Patients who develop kidney failure, defined as eGFR below 15 mL/min/1.73 m2, may benefit from early education about RRT. Early education gives the patient time to process the information and prepare both psychologically and physically. Treatment options include conservative management (no dialysis), hemodialysis (HD), peritoneal dialysis (PD), and kidney transplantation. Even with information about treatment options, many patients may have difficulty making active choices about treatment modality, vascular access, and initiation of dialysis. However, an informed patient may be better prepared to face kidney failure.
Lack of appropriate care, synonymous in much of the literature with “late referral,” is associated with more rapid progression of CKD, worse health status at the time of initiation, higher mortality after starting dialysis, and decreased access to transplant. The result is often emergent initiation of HD using a catheter.
Health care providers should avoid vena puncture or intravenous catheter placement proximal to the wrist to protect the blood vessels for permanent vascular access.
Preparing your patient for RRT may include referral for vascular access placement for HD, a peritoneal catheter for PD, and/or transplantation evaluation. An arteriovenous (AV) fistula, the preferred vascular access, requires a minimum of 3 to 4 months of maturation prior to use. An AV graft takes less time for maturation (2 to 3 weeks), but is more likely to clot, become infected, and require replacement than an AV fistula. The temporary venous catheter is the most problematic and inefficient access for HD. A PD catheter may be ready for use after 2 to 3 weeks. The home treatment options require extensive education by dialysis unit staff, typically 1 week for PD or 3 to 5 weeks for home HD. A transplant evaluation may take months to complete. The waiting list for a deceased donor kidney varies but, in many regions, exceeds 5 years.

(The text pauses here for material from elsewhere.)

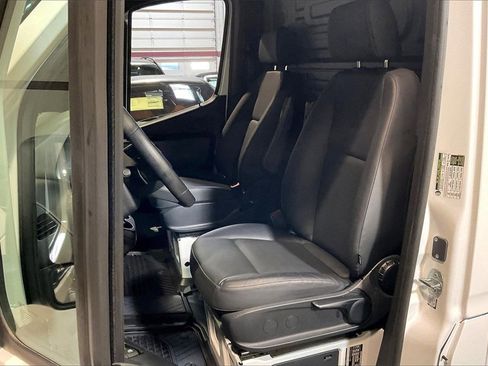 Used 2025 Mercedes-Benz Sprinter 2500 image 17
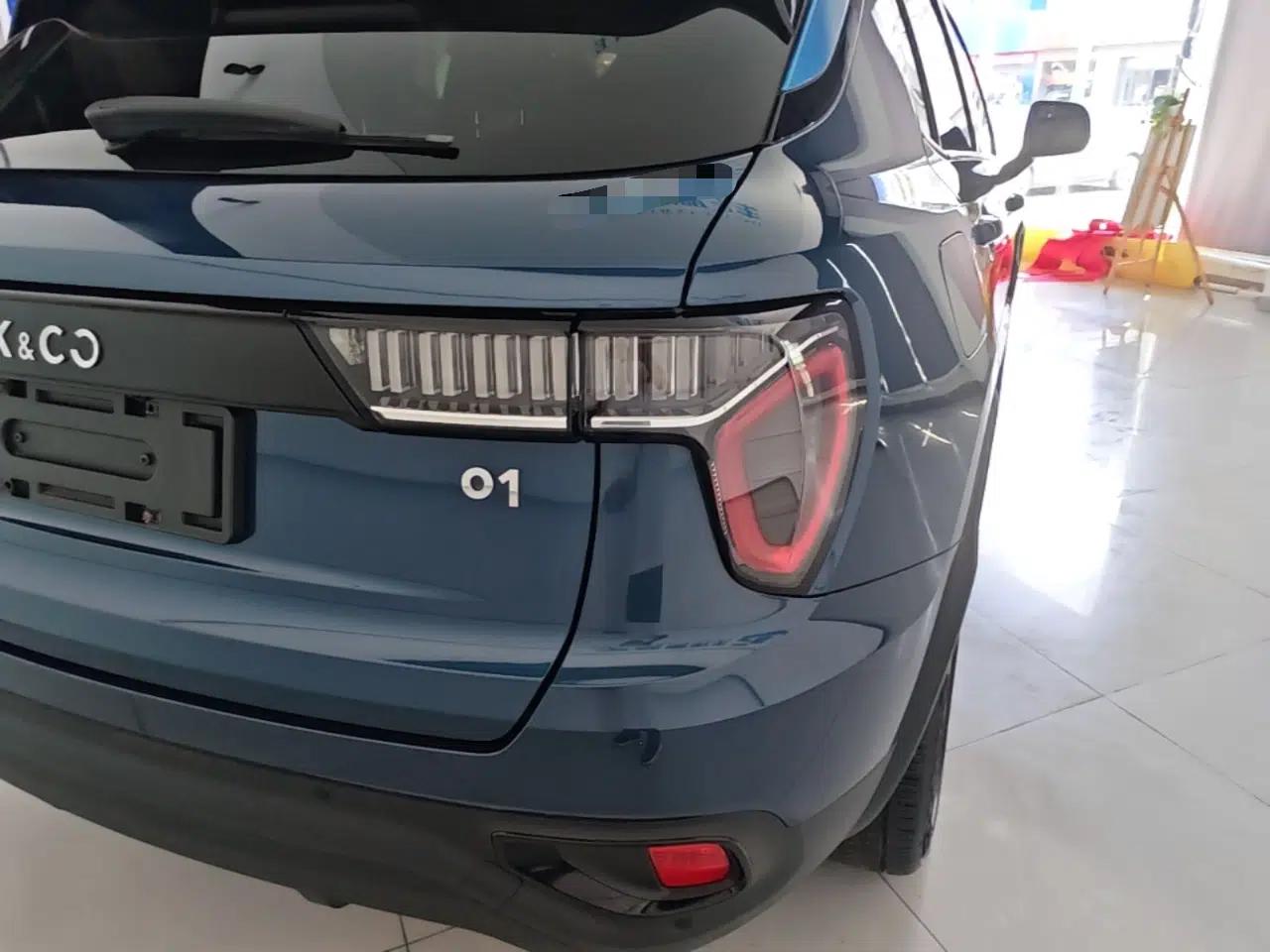 Lynk & Co 01 2017 2.0T Two-Wheel Drive Zhaopu Version — миниатюра 9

Other topics for early education may include information about comorbidity management, delaying the need for dialysis, and preventing uremic complications. Medicare now reimburses for education when the eGFR is 30 mL/min/1.73 m2 or less. A basic curriculum, developed by NKDEP, can help you organize a 6-lesson kidney disease education program that meets the CMS requirements for reimbursement.
A number of organizations have developed guidelines for the care of patients with CKD prior to initiation of RRT. There is consensus that patients should receive multidisciplinary, comprehensive clinical management by kidney disease professionals for at least 6 months prior to requiring RRT. Consensus guidelines also emphasize placement of permanent dialysis access, which is functional at the time of initiation, as well as assessment and referral for preemptive kidney transplant, if possible.
Bradbury BD, Fissell RB, Albert JM et al. Predictors of early mortality among incident US hemodialysis patients in the Dialysis Outcomes and Practice Pattern Study (DOPPS). Clinical Journal of the American Society of Nephrology. 2007; 2:89-99.
Chan MR, Dall AT, Fletcher KE, Lu N, Trivedi H. Outcomes in patients with chronic kidney disease referred late to nephrologists: A meta-analysis. The American Journal of Medicine. 2007; 120(12):1063-1070.
Ethier J, Mendelssohn DC, Elder SJ, et al. Vascular access use and outcomes: an international perspective from the Dialysis Outcomes and Practice Patterns Study. Nephrology Dialysis Transplantation. 2008; 23:3219-3226.
Goldstein M, Yassa T, Dacouris N, McFarlane P. Multidisciplinary predialysis care and morbidity and mortality of patients on dialysis. American Journal of Kidney Diseases. 2004; 44(4):706-714.
Narva AS. Optimal preparation for ESRD. Clinical Journal of the American Society of Nephrology. 2009;4(suppl 1):S110-S113.
Young HN, Chan MR, Yevzlin AS, Becker BN. The rationale, implementation, and effect of the Medicare CKD education benefit. American Journal of Kidney Diseases. 2011; 57:381-386.